New approach to CVS changesets - Journal of Omnifarious
Aug. 14th, 2007
11:15 pm - New approach to CVS changesets
I am quite pleased with a new approach I've started working on for converting a CVS repository to a set of changesets. I believe it is somewhat novel, and I think it will yield better results than most others. I'm calling my project cvs2cg (CVS to Change Graph) and this is a link to the repository for cvs2cg.
There are two basic assumptions at the heart of it. One is more important than the other.

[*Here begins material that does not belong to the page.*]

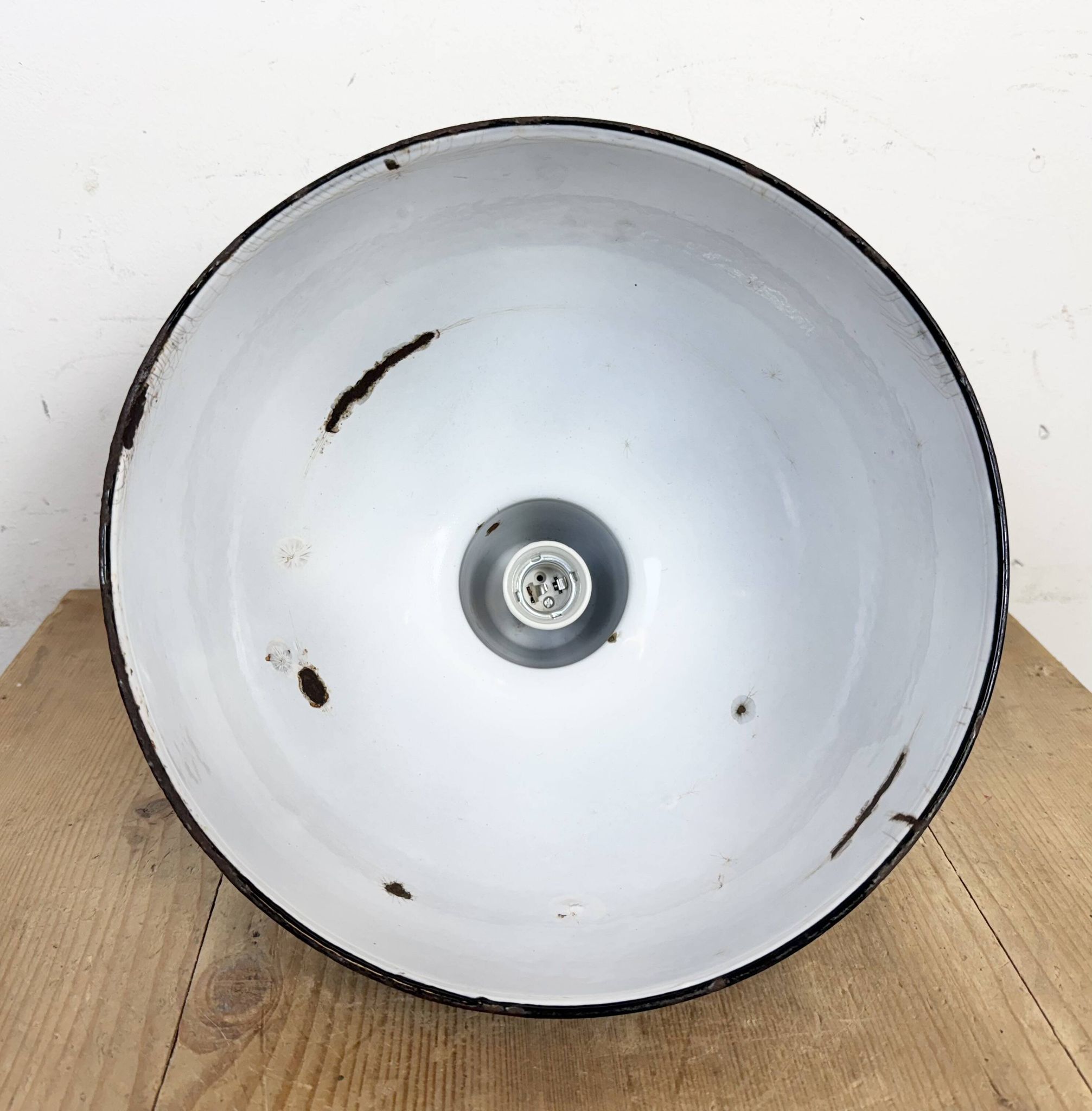 Lampe d'usine industrielle en émail noir avec dessus en fonte, années 1950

The first (less important) assumption is that, since CVS is client/server based that dates are monotonically increasing and largely consistent. They don't mysteriously leap back in time for a new revision.
The second (more important) assumption is that CVS version numbers form a meaningful tree on an individual file basis. This means that version 1.2 is definitely the 'child' of version 1.1 in all cases. Well, except where 1.1 is what I call a 'fake' revision put there for bookkeeping purposes, but fake revisions are easy to detect because of the limited number of situations in which they occur. It also means that revision 1.3 is a child of 1.2 and 22.214.171.124 is a child of 1.2. 1.3 cannot be a fake revision, but 126.96.36.199 might be, in which case 188.8.131.52 is actually the root of a new revision ancestry.
The second assumption can be used to test the first by asserting that every change has a date before its ancestor.
After you have these trees on a per-file basis and know that your assumptions about dates are correct, you can use a merge algorithm to merge together all of the per-file trees into one big tree for the entire repository. You will use the first assumption in combination with mysteriously coinciding authors and log messages to accomplish this. This will allow you to make much shrewder guesses about which file revisions are part of the same global repository revision. And it will also allow you to recover from classification errors more easily.
I think most current CVS converters try to discover changesets that are the same by comparing dates, authors and changelog messages first and then try to build up a change ancestry afterwards. I think this is done because finding file revisions that are part of the same repository revision is seen as the more vexing and pressing problem.
In reality, that problem is not nearly so important as making sure your revision graph is consistent and reasonably accurate.